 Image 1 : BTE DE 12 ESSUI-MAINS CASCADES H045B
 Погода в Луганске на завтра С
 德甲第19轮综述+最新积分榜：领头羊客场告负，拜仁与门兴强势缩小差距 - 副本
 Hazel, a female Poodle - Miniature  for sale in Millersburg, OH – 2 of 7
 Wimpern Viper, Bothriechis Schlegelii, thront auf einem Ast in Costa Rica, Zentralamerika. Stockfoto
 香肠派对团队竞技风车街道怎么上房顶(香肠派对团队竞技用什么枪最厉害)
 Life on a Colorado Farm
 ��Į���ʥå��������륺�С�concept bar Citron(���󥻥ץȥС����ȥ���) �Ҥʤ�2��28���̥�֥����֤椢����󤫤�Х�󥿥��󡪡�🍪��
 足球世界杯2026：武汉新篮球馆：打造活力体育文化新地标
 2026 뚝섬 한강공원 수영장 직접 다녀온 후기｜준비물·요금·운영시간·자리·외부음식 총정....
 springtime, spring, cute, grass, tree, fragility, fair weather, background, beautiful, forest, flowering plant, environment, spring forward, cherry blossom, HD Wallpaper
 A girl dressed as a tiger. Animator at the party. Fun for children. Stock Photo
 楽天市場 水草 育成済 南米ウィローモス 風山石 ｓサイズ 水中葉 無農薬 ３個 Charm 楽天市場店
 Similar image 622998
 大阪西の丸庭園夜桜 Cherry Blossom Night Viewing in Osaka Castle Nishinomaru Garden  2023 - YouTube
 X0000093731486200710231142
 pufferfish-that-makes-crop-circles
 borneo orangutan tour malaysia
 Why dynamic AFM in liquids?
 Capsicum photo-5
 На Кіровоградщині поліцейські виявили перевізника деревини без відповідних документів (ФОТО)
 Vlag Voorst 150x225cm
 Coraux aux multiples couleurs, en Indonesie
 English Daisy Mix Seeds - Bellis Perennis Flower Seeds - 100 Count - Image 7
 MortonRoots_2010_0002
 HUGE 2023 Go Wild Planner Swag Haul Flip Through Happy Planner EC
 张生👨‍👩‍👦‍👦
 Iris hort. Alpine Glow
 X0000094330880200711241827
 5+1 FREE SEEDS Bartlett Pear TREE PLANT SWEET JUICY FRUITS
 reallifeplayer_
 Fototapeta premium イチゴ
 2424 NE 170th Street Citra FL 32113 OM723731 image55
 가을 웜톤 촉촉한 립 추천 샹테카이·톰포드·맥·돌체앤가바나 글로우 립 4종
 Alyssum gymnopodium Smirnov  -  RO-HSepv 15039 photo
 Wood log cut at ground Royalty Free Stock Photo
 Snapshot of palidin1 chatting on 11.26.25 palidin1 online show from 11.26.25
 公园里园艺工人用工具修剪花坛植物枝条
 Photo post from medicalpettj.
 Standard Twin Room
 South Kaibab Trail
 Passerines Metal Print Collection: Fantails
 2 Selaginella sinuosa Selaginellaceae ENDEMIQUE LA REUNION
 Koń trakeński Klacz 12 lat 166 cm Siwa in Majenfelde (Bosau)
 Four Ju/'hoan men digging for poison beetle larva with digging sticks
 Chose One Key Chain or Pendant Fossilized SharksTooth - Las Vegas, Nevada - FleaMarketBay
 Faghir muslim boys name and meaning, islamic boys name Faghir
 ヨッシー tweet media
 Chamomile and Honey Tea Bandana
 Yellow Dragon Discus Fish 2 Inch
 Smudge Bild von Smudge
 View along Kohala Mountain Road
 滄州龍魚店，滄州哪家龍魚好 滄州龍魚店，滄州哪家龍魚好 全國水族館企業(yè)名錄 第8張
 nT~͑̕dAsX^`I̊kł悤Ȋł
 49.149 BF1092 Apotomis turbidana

⁂

• **Your objective**
An exact, complete copy of the lines above from the one with "pufferfish-that-makes-crop-circles" through the one with "X0000094330880200711241827" is the whole answer.

• **Exercise response**
 pufferfish-that-makes-crop-circles
 borneo orangutan tour malaysia
 Why dynamic AFM in liquids?
 Capsicum photo-5
 На Кіровоградщині поліцейські виявили перевізника деревини без відповідних документів (ФОТО)
 Vlag Voorst 150x225cm
 Coraux aux multiples couleurs, en Indonesie
 English Daisy Mix Seeds - Bellis Perennis Flower Seeds - 100 Count - Image 7
 MortonRoots_2010_0002
 HUGE 2023 Go Wild Planner Swag Haul Flip Through Happy Planner EC
 张生👨‍👩‍👦‍👦
 Iris hort. Alpine Glow
 X0000094330880200711241827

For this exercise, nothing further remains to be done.